> **YOUR TASK**:
Exactly as written, transcribe the data from its opening line through the line containing "Scientists Discover That". Leave every picture out.

> **EXERCISE INPUTS**:
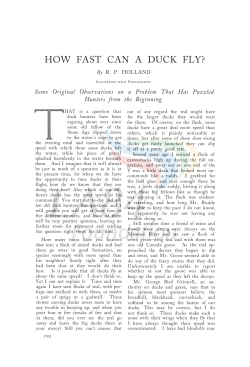 How Fast Can A Duck Fly?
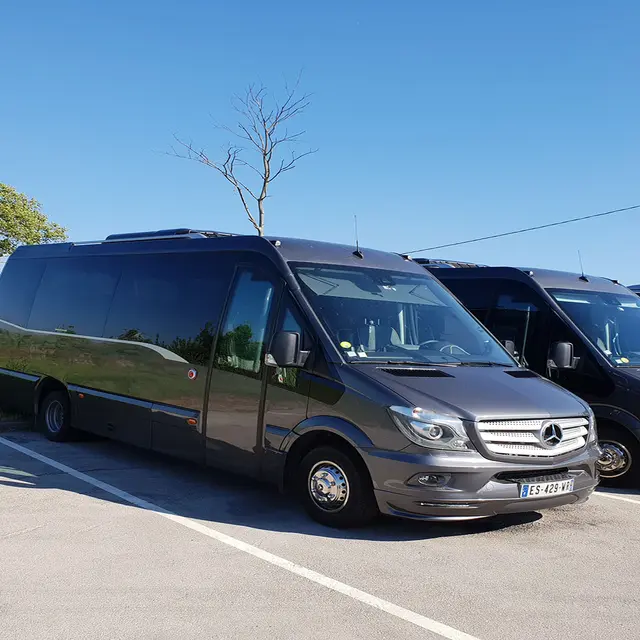 AMP LIMOUSINE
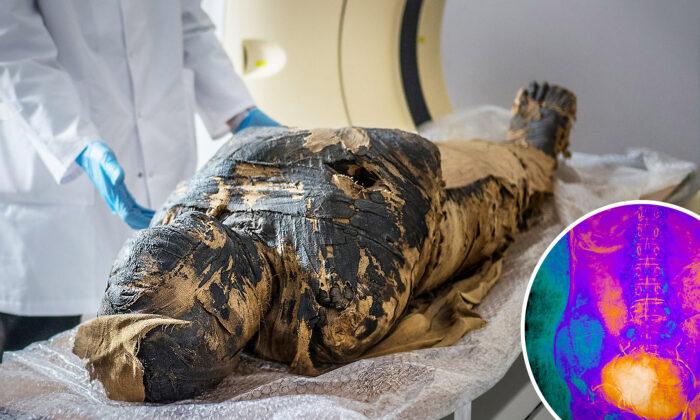 Scientists Discover That Egyptian Mummy Thought to Be Male Priest Was Actually Pregnant Woman in Her 20s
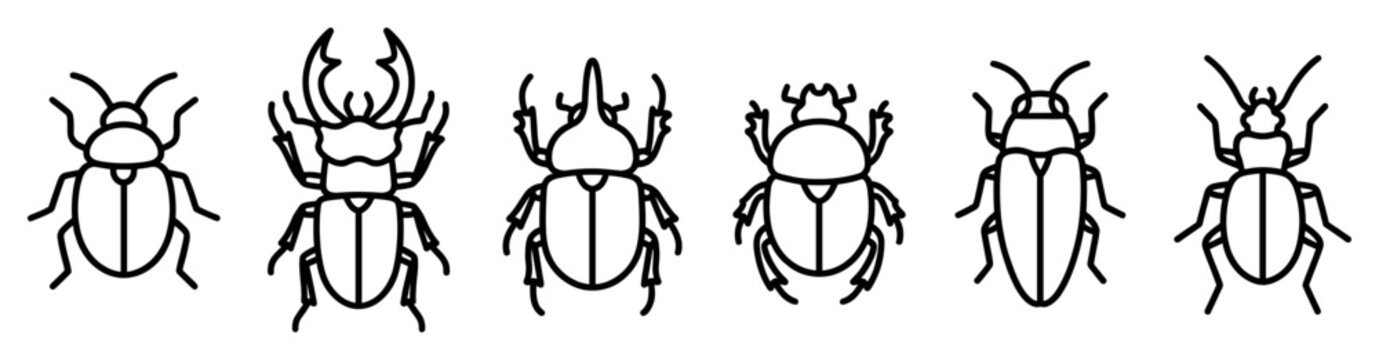 Six distinct black outline beetle illustrations are presented in a neat row, showcasing various insect species with simple, clean line art and an iconic style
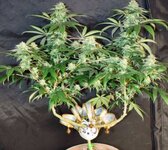 IMG_3171.jpeg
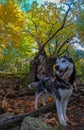 A siberian husky on a forest in autumn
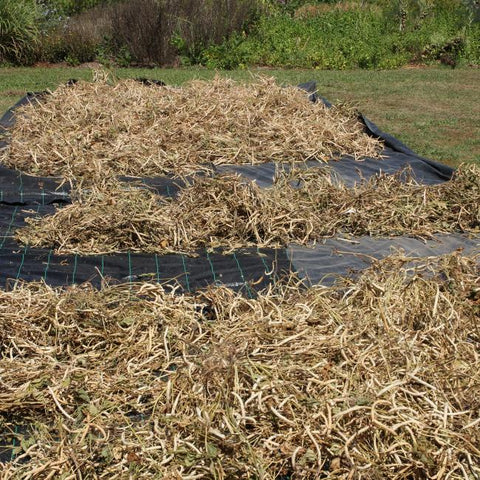 Bean Seed Drying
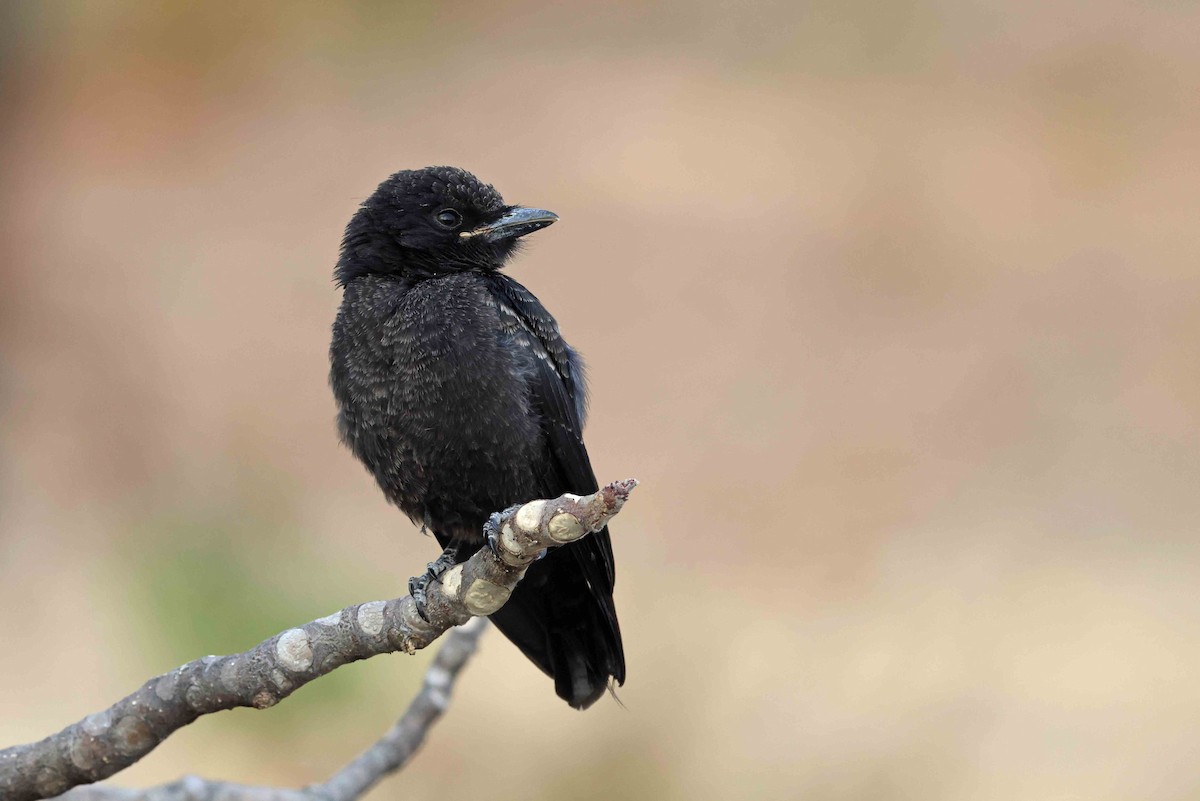 Fork-tailed Drongo - ML646787052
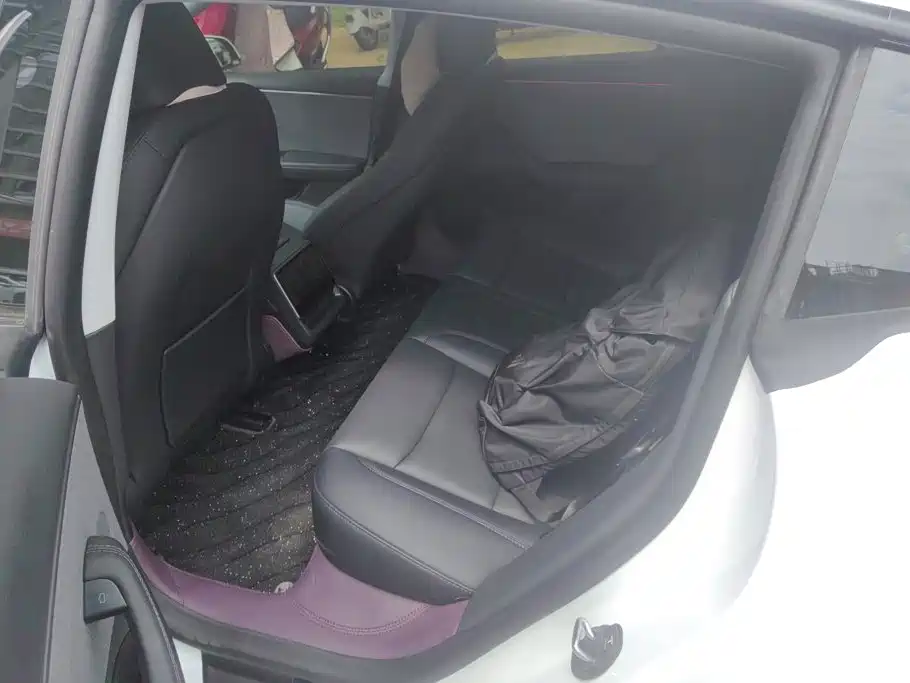 Tesla Model 3 2025 2025 Model Year Facelift Rear-Wheel Drive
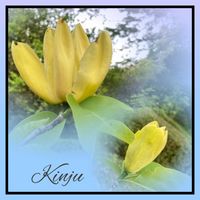 ニオイスミレ,ハマナス,ベニバナトチノキ,キンジュモクレン,ニオイアヤメの画像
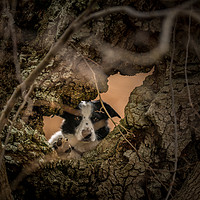 Buy canvas prints of Collie through the Looking Hole by John Malley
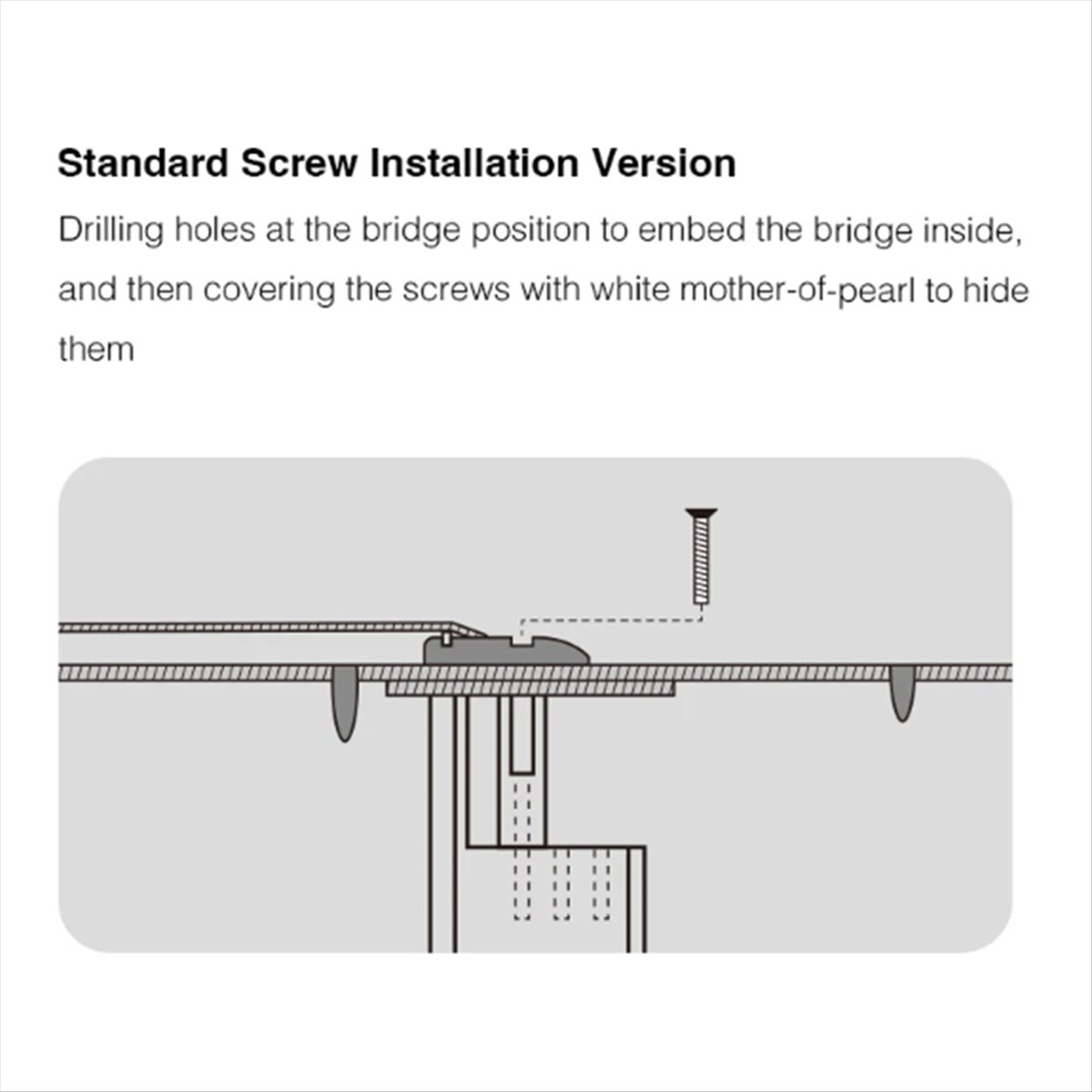 Nuovo Arrivo: Strumento per Ri - Musical Instrument Repairs recensione e prezzo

> **WRITTEN ANSWER**:
 How Fast Can A Duck Fly?
 AMP LIMOUSINE
 Scientists Discover That Egyptian Mummy Thought to Be Male Priest Was Actually Pregnant Woman in Her 20s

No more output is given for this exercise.